2014 looks to be an important year for Intel's smartphone plans.
Unnamed sources in the upstream supply chain claim that Intel is considering leaving the smartphone market in 2015 if it continues to see weak demand in 2014. More specifically, these sources say that Intel is evaluating whether the company should cease in spending resources on its handset business, as Intel hasn't seen any significant improvements over the past several years.
According to the report, Lenovo is no longer using Intel's processors in phones, which if true could be a huge blow considering Lenovo's overwhelming presence in China, not to mention its new ownership of Motorola Mobility.
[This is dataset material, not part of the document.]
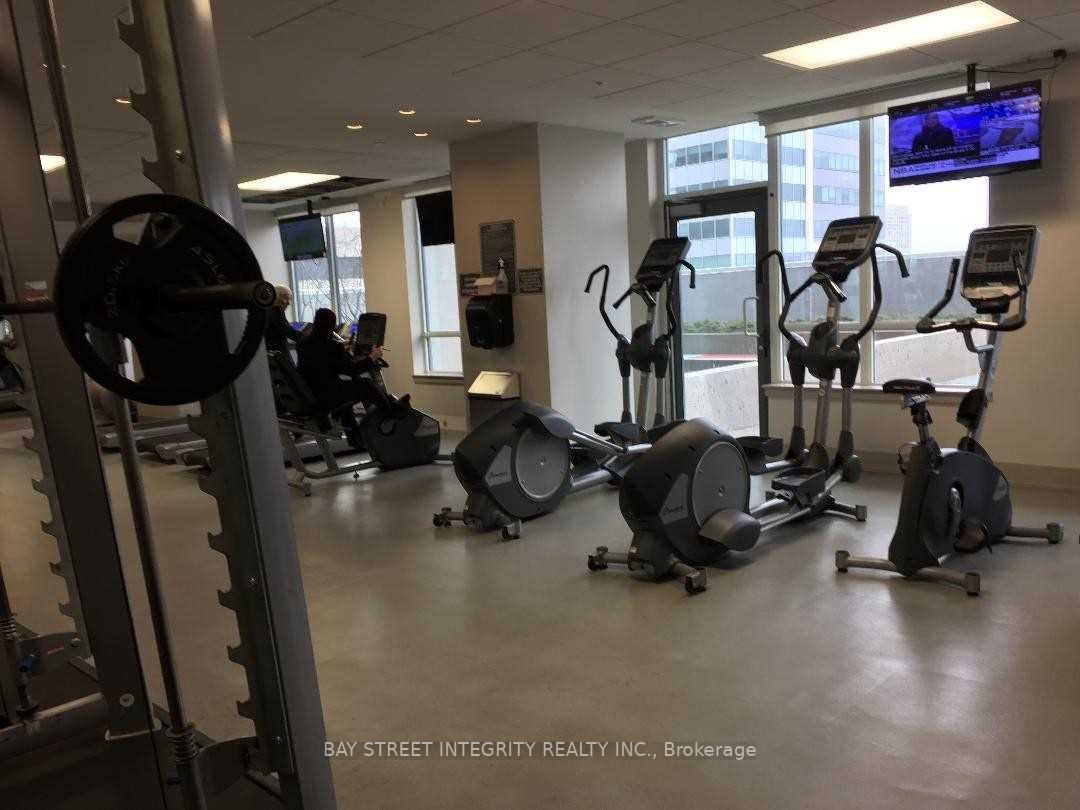 7165 Yonge St, #Ph307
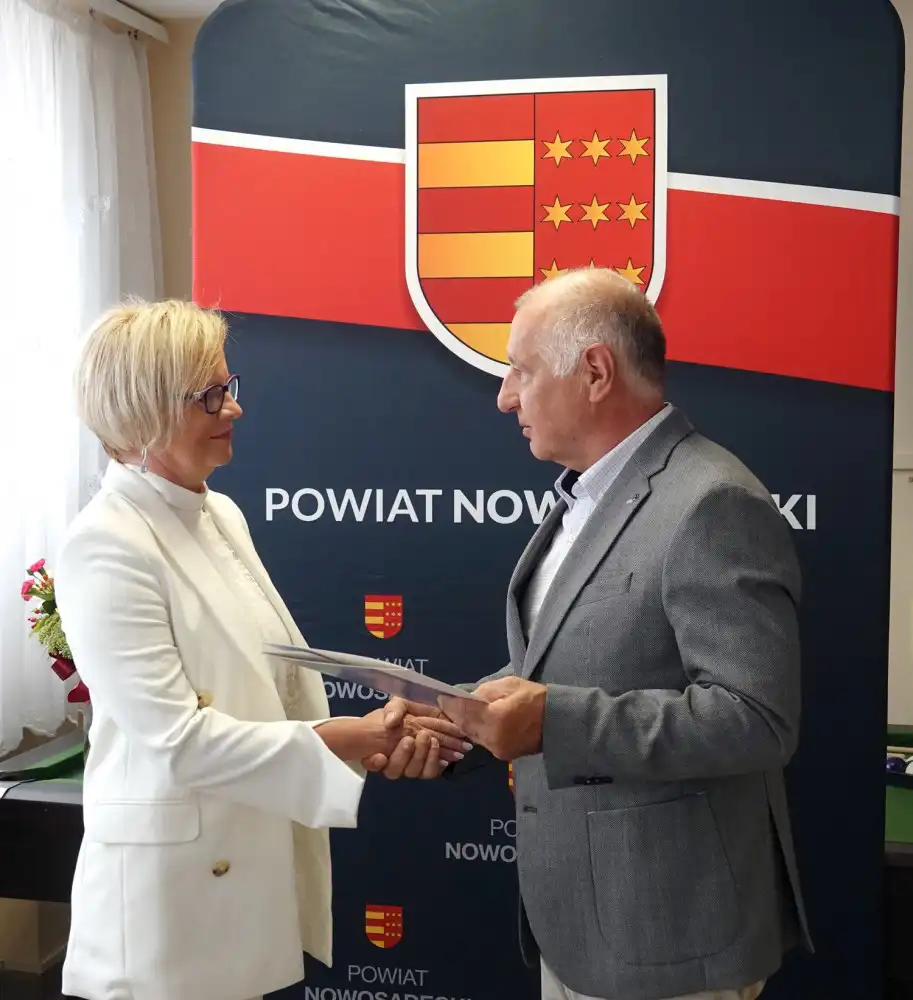 Starosta nowosądecki wręczył nominacje dla nauczycieli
Because of this, sources say Intel will have to look elsewhere for business to be able to maintain its shipments for 2014.
Luckily, Intel has Asus in its corner, who is using Intel's chips in the ZenFone series smartphones. These will be launched in March, targeting China and the Southeast Asia markets. They are expected to cost $99 for the 4-inch model, $149 for the 5-inch model and $199 for the 6-inch model.
Some of the devices currently on the market with Intel inside include Lenovo's K900, Motorola's RAZR I, the Acer Liquid C1, the Asus FonePad, and a number of others. Looking ahead, the company is expected to release its Android-compatible Merrifield-based dual-core Atom chip at Mobile World Congress 2014 next month. This 22 nm platform will also include NXP's PN547 NFC component and the XMM 7160 LTE component, allowing Intel to better compete with Qualcomm.
After that, Intel is expected to release its 14 nm Moorefield platform in the second half of 2014 and its 14 nm Morganfield platform in the first half of 2015. That said, it looks like Intel isn't going anywhere in regards to the smartphone sector despite what the upstream sources claim.
When asked about the report, an Intel representative told Tom's that the company does not comment on rumor and speculation. We also asked Asus for feedback, and so far we have not received a response.